Ao realizarmos essa manobra, cinco ou seis dos nossos foram mortos. Mal fechamos a porta, o que fizemos com dificuldade, eles nos atacaram, embora a casa fosse rodeada por um muro da altura de um homem sobre um cavalo. Tínhamos conosco umas sete ou oito bestas, com as quais matamos muita gente. Havia, porém, mais de 3.000 guerreiros reunidos. Levantamos uma bandeira para que, das naus, nos enviassem socorro. Os batéis vieram à praia e dispararam as suas bombardas, mas era inútil. Nisso, os mouros começaram a derrubar o muro da casa, o que realizaram em menos de meia hora. Soaram, então, as trombetas e baterias, em meio a gritos de grande contentamento. Pareceu-nos que o rei se encontrava no meio da multidão, porque avistamos um de seus criados.

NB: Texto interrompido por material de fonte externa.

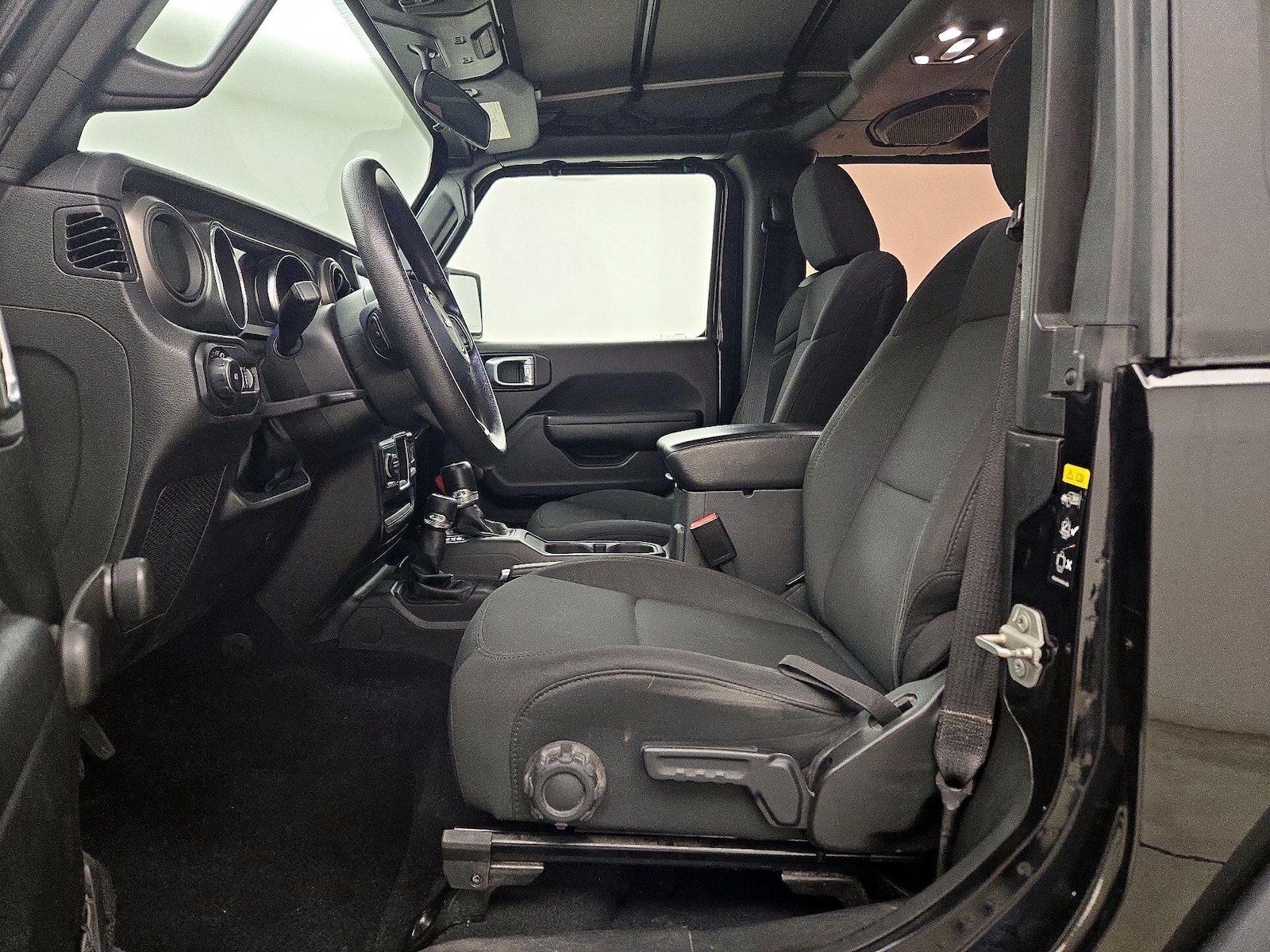 2022 Jeep Wrangler Willys Sport - Photo 12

Aires Corrêa, vendo que combatíamos havia duas horas infrutiferamente e que não poderíamos aguentar por muito mais tempo, determinou que abríssemos caminho entre os inimigos e batêssemos em retirada para a praia, onde os batéis nos poderiam salvar. E foi o que fizemos. A maior parte dos nossos homens conseguiu entrar na água. Os batéis, porém, não ousavam se aproximar. Por ausência de socorro, morreram Aires Corrêa e 50 outros homens (13). Escapamos a nado, 20 homens ao todo, entre os quais um filho de Aires Corrêa de cerca de 11 anos. Vínhamos muito feridos e entramos nos batéis quase afogados. O capitão dos ditos batéis era Sancho de Tovar, pois o capitão-mor estava enfermo.

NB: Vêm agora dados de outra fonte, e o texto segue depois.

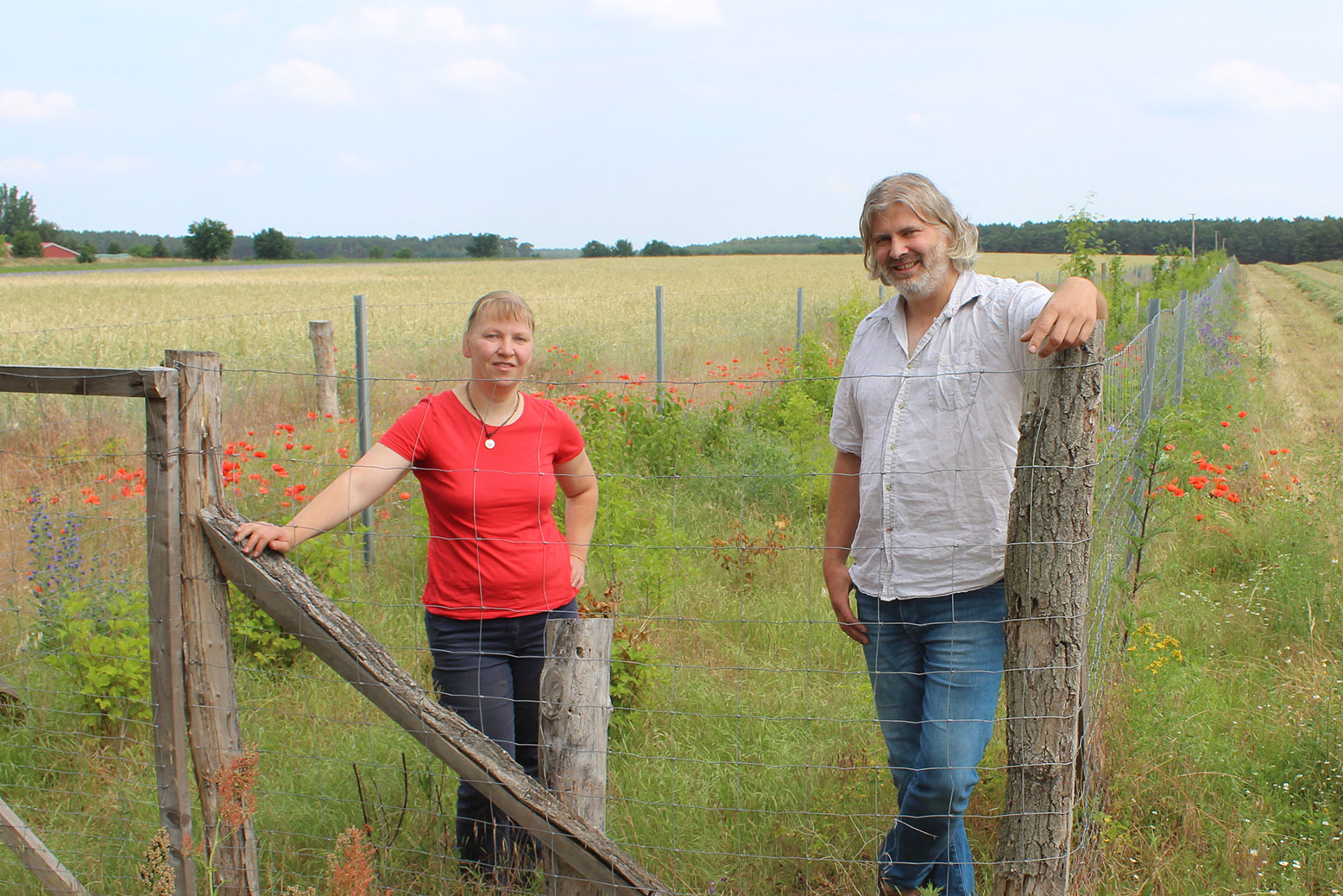 Dr. Uta Mitsch und Christian Warnke stehen am Feldrand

Fomos, então, reconduzidos às naus. Quando o capitão-mor viu essa dissensão e maus-tratos, mandou que fossem aprisionadas dez naus dos mouros que estavam no porto; ordenou também que matassem todos os que estivessem a bordo. Foram mortos, nessa ocasião, cerca de 500 ou 600 mouros e aprisionados uns 20 ou 30, que estavam escondidos no porão com a mercadoria. Tomamos tudo o que havia no interior das naus. Uma delas levava três elefantes, que matamos e comemos. Depois de descarregadas, as dez embarcações foram afundadas. No dia seguinte, as nossas naus aproximaram-se da terra e bombardearam a cidade, matando muita gente e causando muito dano. Da terra, respondiam com o fogo de uma bombarda muito fraca. Nesse entretanto, passaram duas naus que iam para Pandarani, distante cinco léguas de Calicute. Essas naus, que traziam muitas pessoas a bordo, navegaram para a terra, onde havia outras sete naus grandes em águas rasas. Como não podíamos aprisioná-las, pois estavam em águas muito rasas, o capitão determinou que navegássemos para Cochim, onde carregaríamos as naus.